2.5. SMOTE Algorithm

Synthetic minority Over-sampling Technique (SMOTE) is a well-liked method which helps in solving the class imbalance problem by creating new artificial data points rather than by over-sampling with replacement of the minority class [11]. The algorithm is elaborated below [12,13,14]:

Select K neighbors.
Oversampling of the minority class is carried out by taking the difference between the feature vector and its nearest neighbors.
Multiply the difference obtained in the last step by a random weight between 0 and 1, and then add it to the feature vector under consideration. This causes the selection of an arbitrary point along the line segment between the two specific features.

This approach of the algorithm coerces the decision region of the minority class to be more general and therefore results in a desired well-balanced dataset.

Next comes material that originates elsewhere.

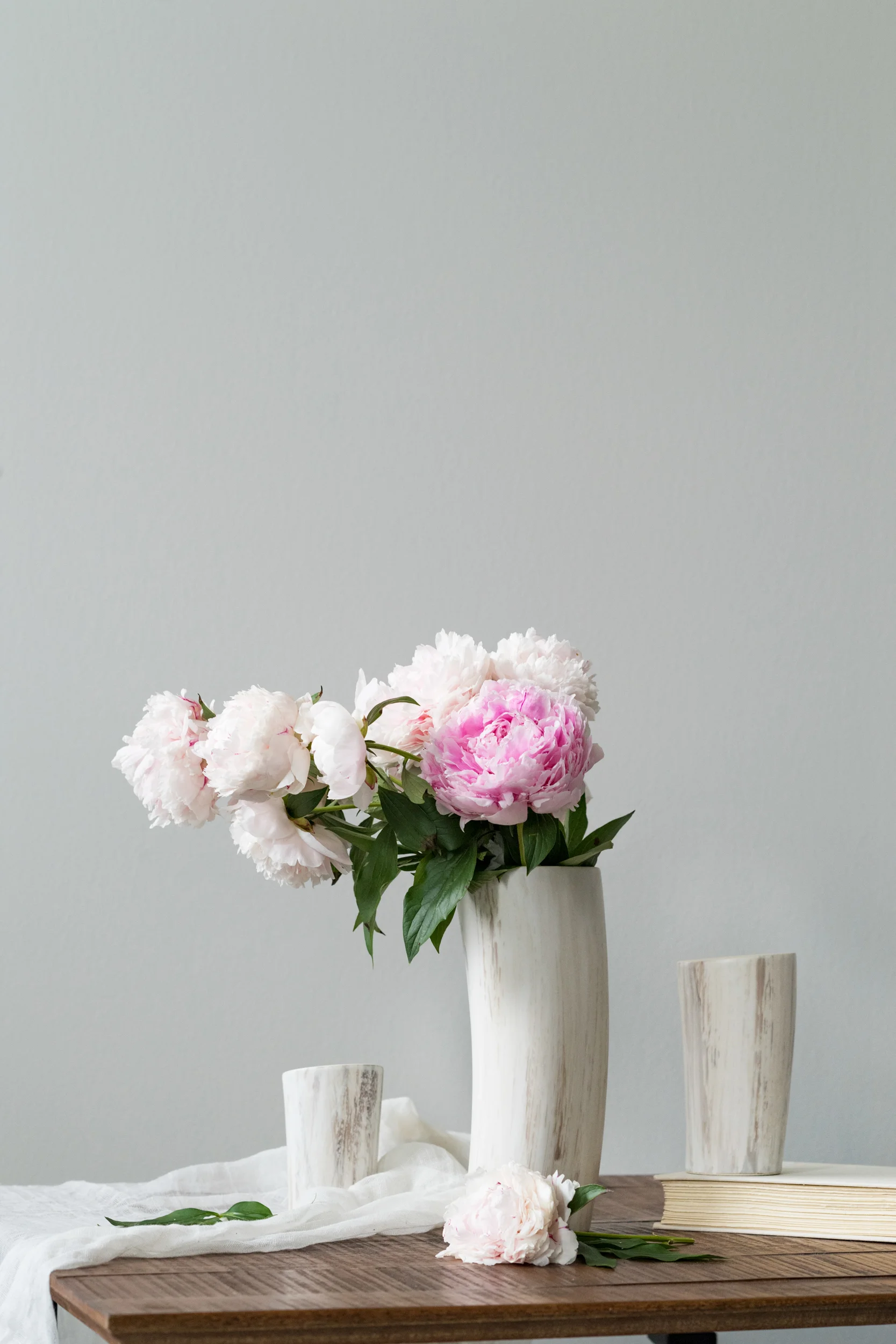 Horn_Vase_Lifestyle_Spring_2_Web.jpg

2.6. Gaussian Naive Bayes Classifier

Gaussian Naive Bayes Classifier (GB) is a conditional probabilistic ML technique that is widely used for supervised data classification. According to Bayes theorem, the posterior probability can be expressed as the product of prior probability and likelihood as described by:

P(y|x) = (P(x|y) × P(y))/P(y)

(6)

where,

P(y|x) is called the posterior probability. It gives the probability of y given that the data point x is true.
P(x|y) is called the likelihood. It gives the probability of point x given that the data point y is true.
P(y) is called the prior probability of y. It gives the probability of y being true across all data points.
P(x) is the probability of data point x averaged over all of the value of y.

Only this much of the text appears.